What this task involves >> A verbatim reproduction of the following listing is required; omit the pictures.

━━━ Recorded data

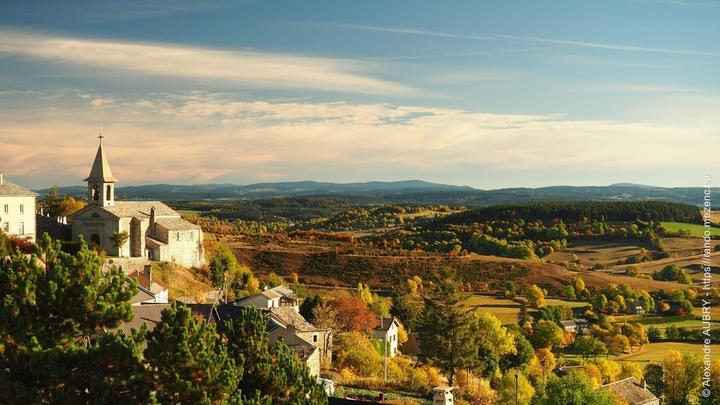 Fay sur Lignon Fay sur Lignon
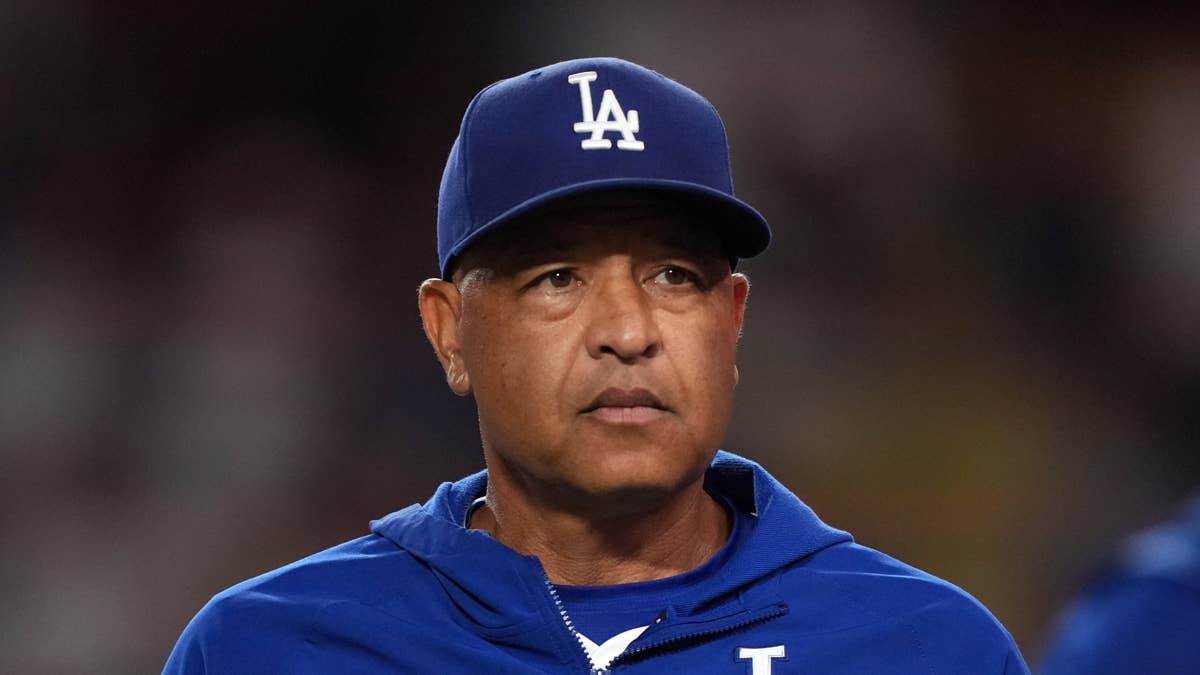 MLB Announces Historic Dodgers Feat Not Seen in 9 Years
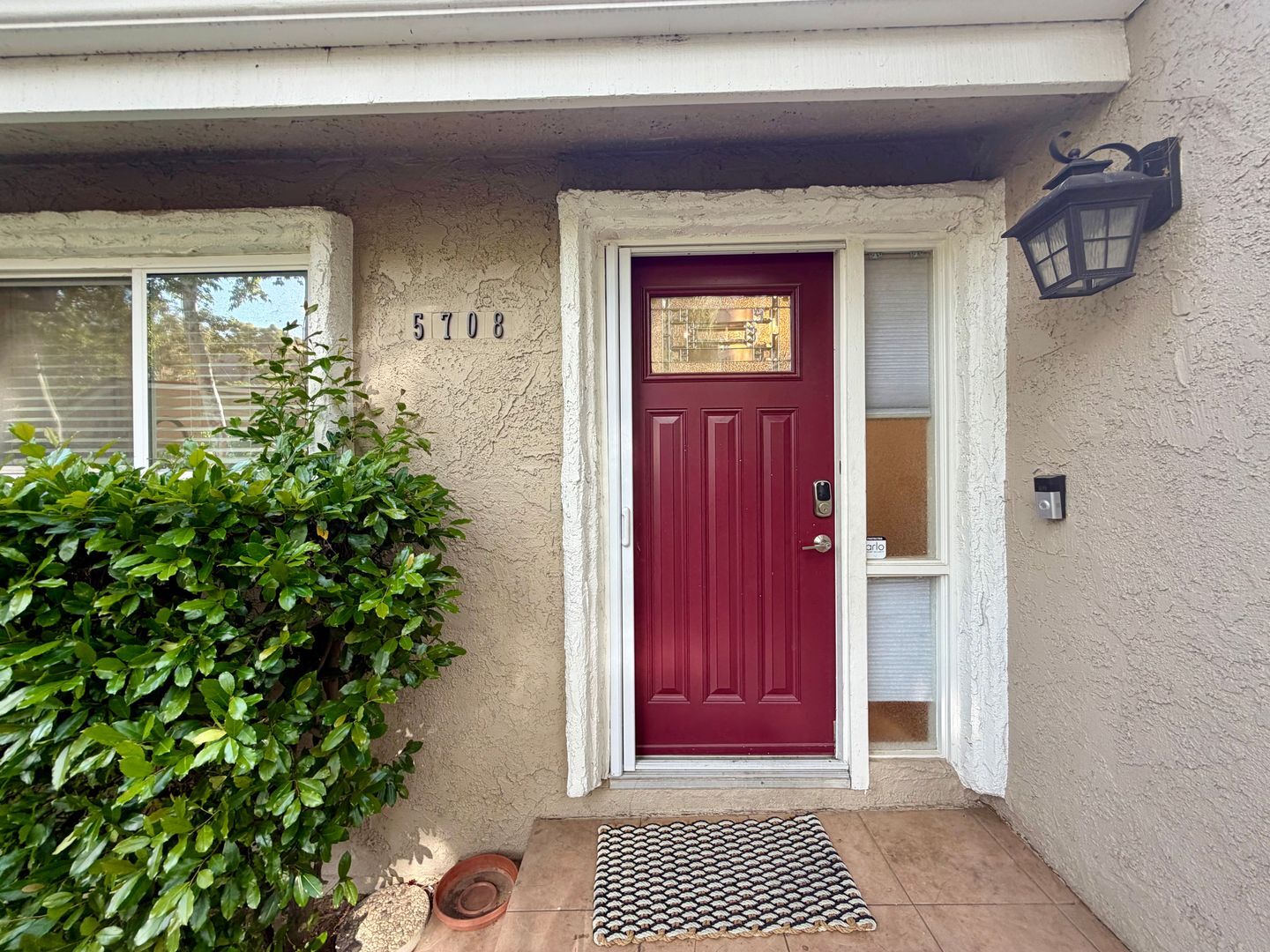 5708 Camelia Ln - Oak Park - California - 4 bed, 3 bath rental property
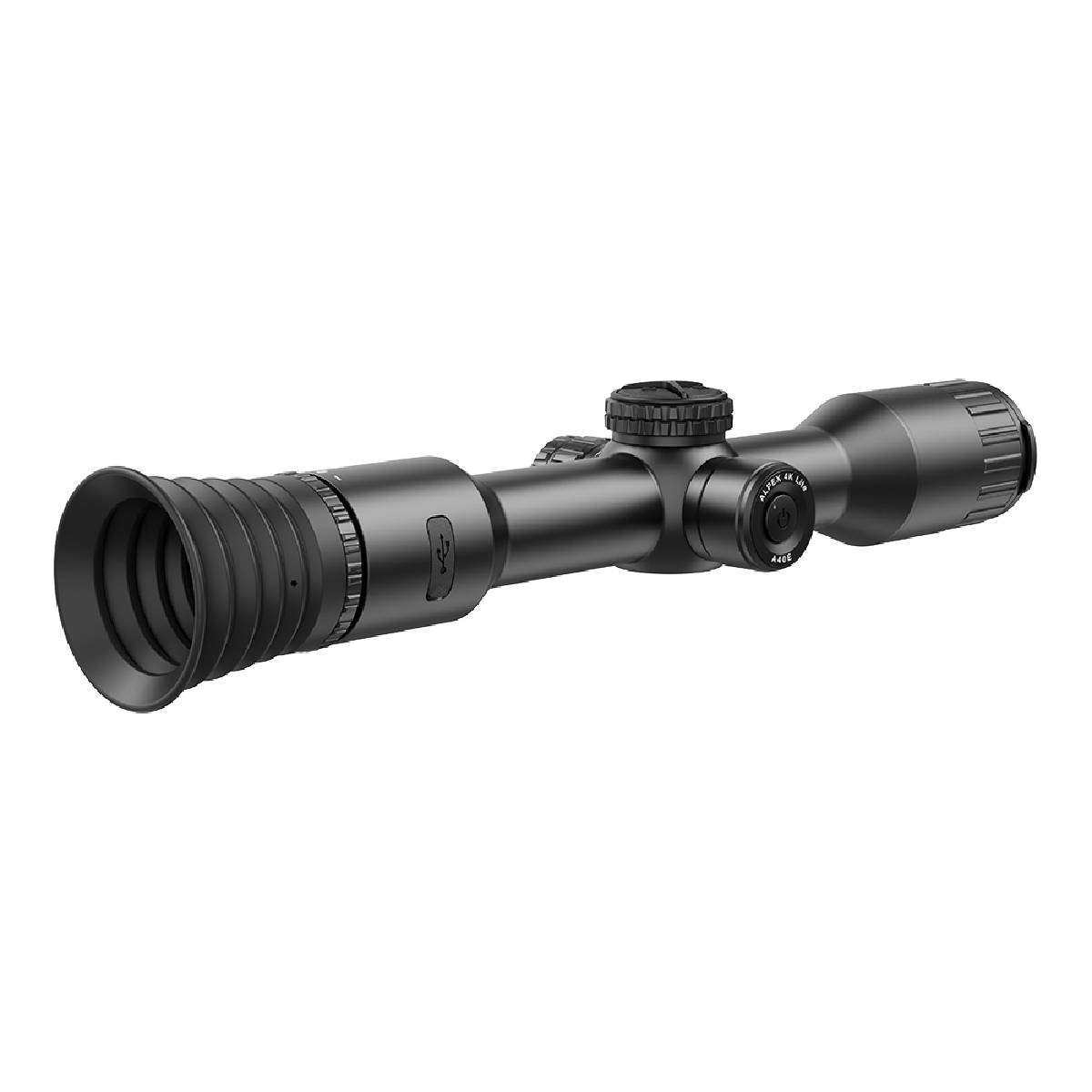 Imagen 2 de Visor nocturno y diurno Alpex Lite 4K A40E Hikmicro - Negro Negro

━━━━━━

Exercise response >>
 Fay sur Lignon Fay sur Lignon
 MLB Announces Historic Dodgers Feat Not Seen in 9 Years
 5708 Camelia Ln - Oak Park - California - 4 bed, 3 bath rental property
 Imagen 2 de Visor nocturno y diurno Alpex Lite 4K A40E Hikmicro - Negro Negro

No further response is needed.